= Irreligion in Lithuania =

Irreligion in Lithuania pertains to atheism, agnosticism, and lack of religious affiliation in Lithuania. Irreligious Lithuanians make up a small minority of the population, encompassing only 6.11% of the population in the Lithuanian census of 2021. Irreligion in Lithuania is associated with the period of Soviet rule in the late 20th century.

== History ==
Irreligion in Lithuania dates back to the spread of freethought in the late 19th century and early 20th century, during which time Jonas Šliūpas is credited with popularizing freethought in the region. However, affiliation with the Catholic Church was considered to be part of the Lithuanian national identity, and the number of irreligious Lithuanians in 1923 remained below 0.01%. In 1938, constitutional reform established civil marriage in the Republic of Lithuania.

While Lithuania was occupied by the Soviet Union, state atheism was enforced and religion was suppressed from public life. While the accomplishments of freethought were looked upon positively under Soviet rule, freethought organizations were shut down in favor of Marxist–Leninist atheism. Many religious entities were dissolved and their property was nationalized. Žinija was established by the Communist Party in 1959 as a society to promote the Marxist worldview in Lithuania, with Marxist atheism taking a prominent role in its works. Alternatives to church service were created, such as public lectures. Christian rituals were also replaced with secular Soviet equivalents, including alternatives to marriage and religious fasting. The Lithuanian Soviet Republic Museum of Atheism was established in 1961, and the Centre of Scientific Atheism Research was established in 1982.

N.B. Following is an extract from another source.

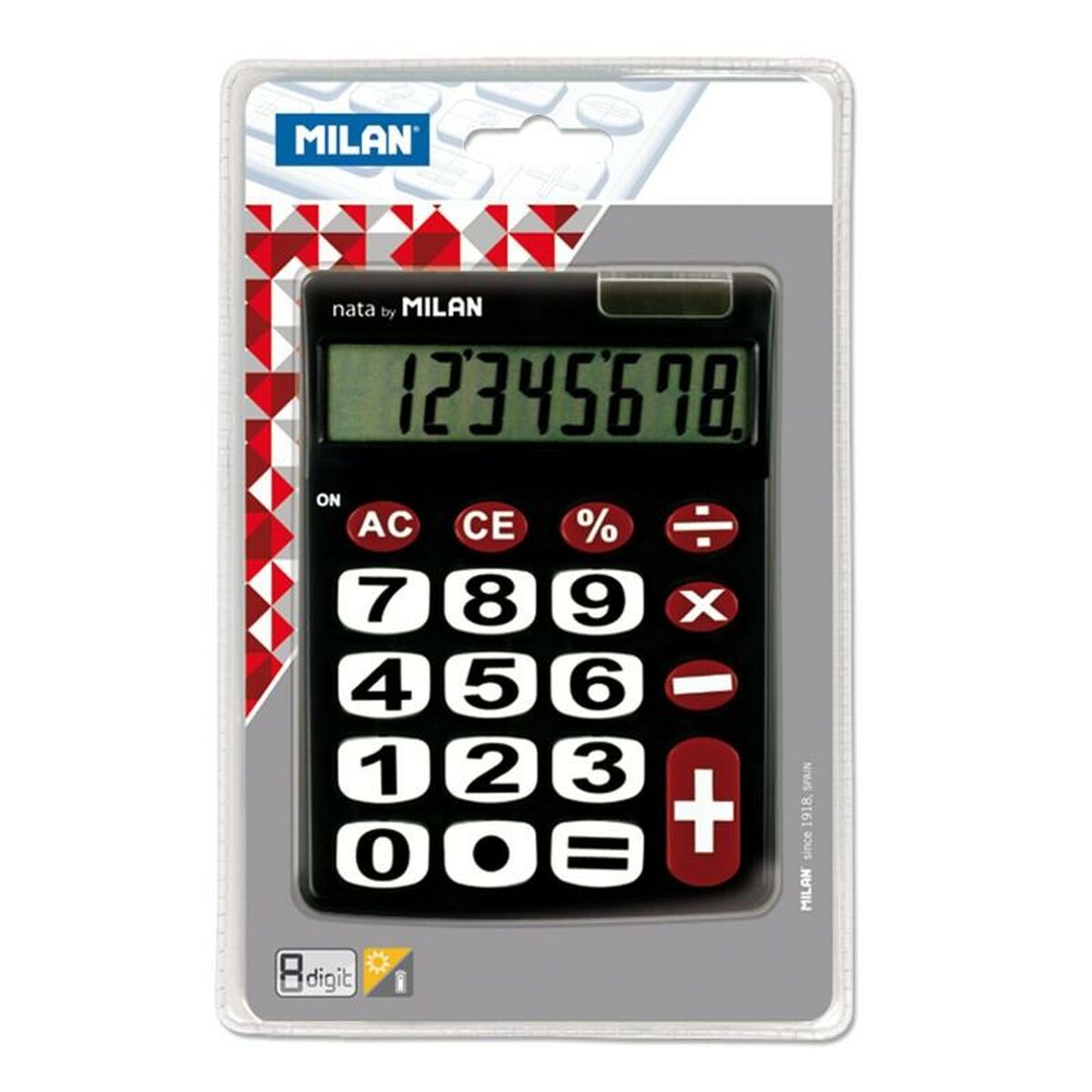 Image secondaire de Calculatrice Milan Dual Noir 14,5 x 10,6 x 2,1 cm (10 Unités)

Following the dissolution of the Soviet Union, Lithuania adopted a new constitution that guaranteed freedom of religion. However, certain religious groups are given preferential treatment by the state.

== Demographics ==
According to the 2021 census, only 6.11% of Lithuanians are irreligious, while an additional 13.67% did not specify a religious belief. In 2005, Eurobarometer found that 12% of Lithuanians do not believe in "any sort of spirit, god, or life force."

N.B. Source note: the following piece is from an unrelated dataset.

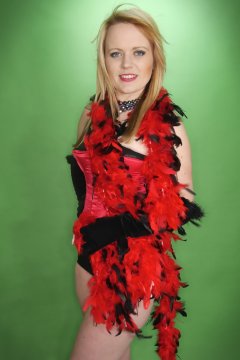 2015-05-25 Amandah red Vollers overbust corset and black girdle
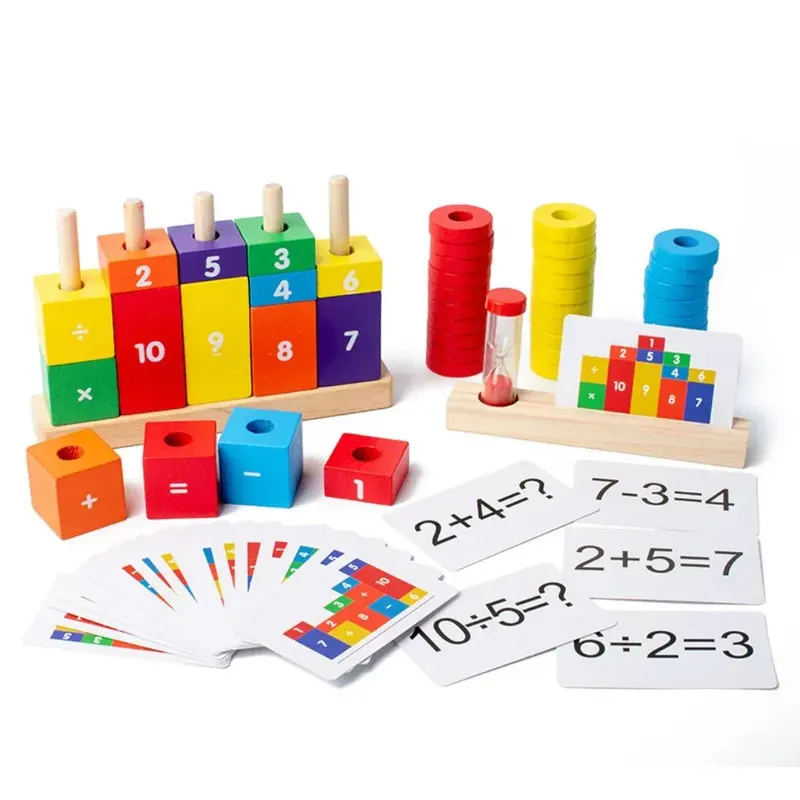 Joc educativ Aritmetica de Bază, piese din lemn și carduri interactive, 3 ani+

Atheists in Lithuania are still widely distrusted, with approximately 40% of Lithuanians believing that atheists should not be allowed to work as teachers or express their opinions through the media. 51% of Lithuanians oppose the right of atheists to hold public processions or share their literature in public. This discrimination may be attributed in part to the association of atheism with the oppressive Communist rule under the Soviet Union.